Here’s some figures of death rates per million:

  • The Americas, north and south: 853 deaths for every million in the population; USA: 1045.
  • Europe overall: 631 deaths per million.
  • Britain: 1098 deaths for every million people. Italy: 1240.
  • Spain: 1079.
  • Belgium: 1699
  • Africa: 39 deaths per million. (South Africa 492).
  • Japan: 28.
  • Philippines: 84.
  • Australia: 36. Australia’s low rate was not only a factor of good regional and federal management, but of its geography and being an island.
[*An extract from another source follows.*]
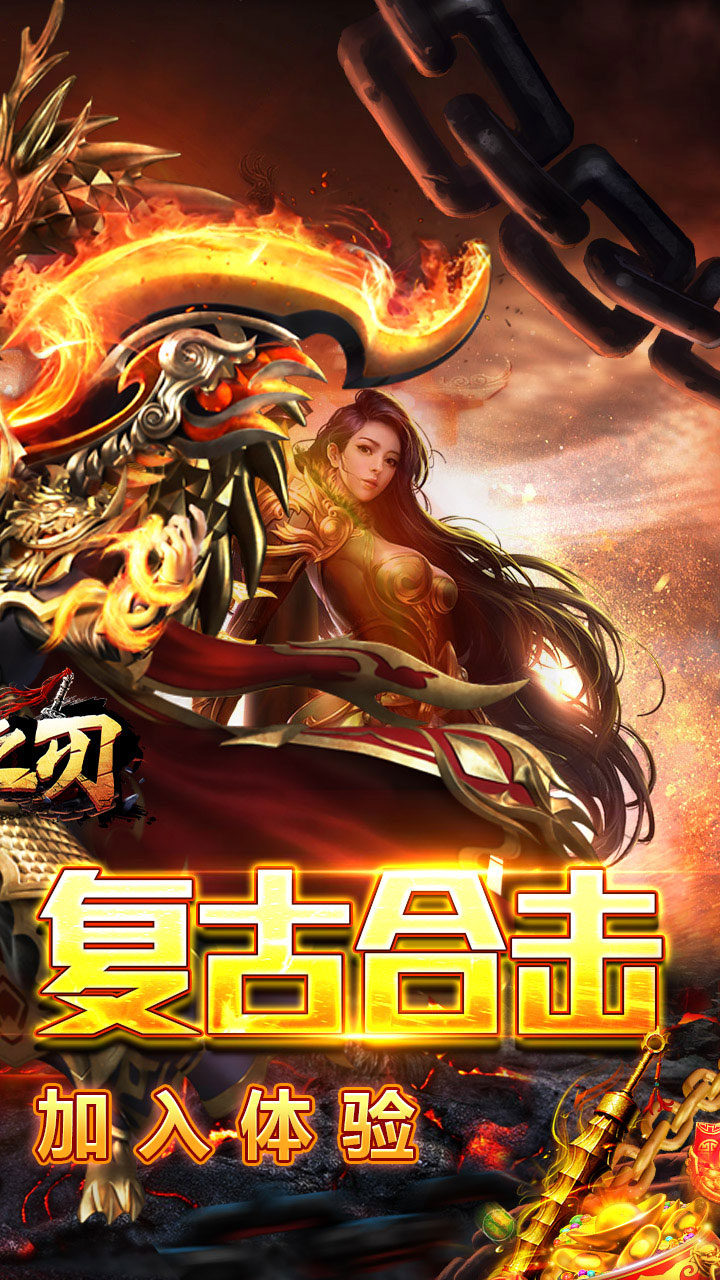 天堂之刃2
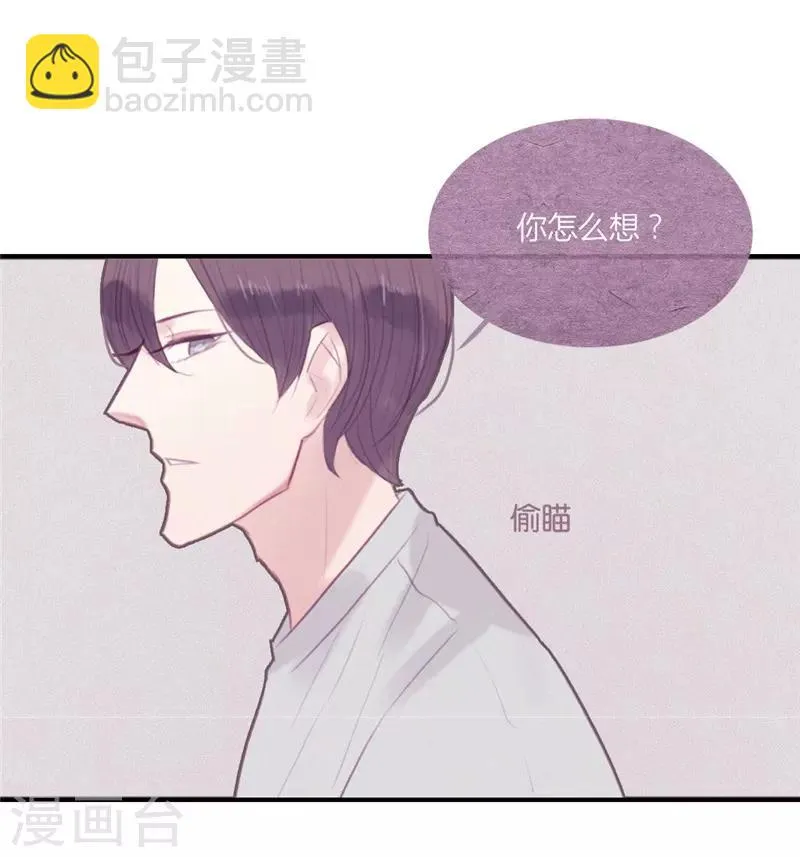 第48话 第2页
Joe Biden sees action on all fronts as an urgent task – on the police and a justice system in chaos, a trade war with China, and to revive international trade and growth, seriously threatened by the return to shutdowns and fresh waves of infection.

A critical part of every task is the dismantling and discrediting of Trumpism. Trump and some of his supporters gave this campaign a big assist this week. But the goal is not for  pointscoring or virtue signalling. It’s a necessary step towards a return to proper politics,  by which citizens holding different opinions argue about what to do with respect to each other and acceptance of the ultimate verdict. For Biden it’s an action issue, as much as a communications one. Of course he must not talk about disarming them.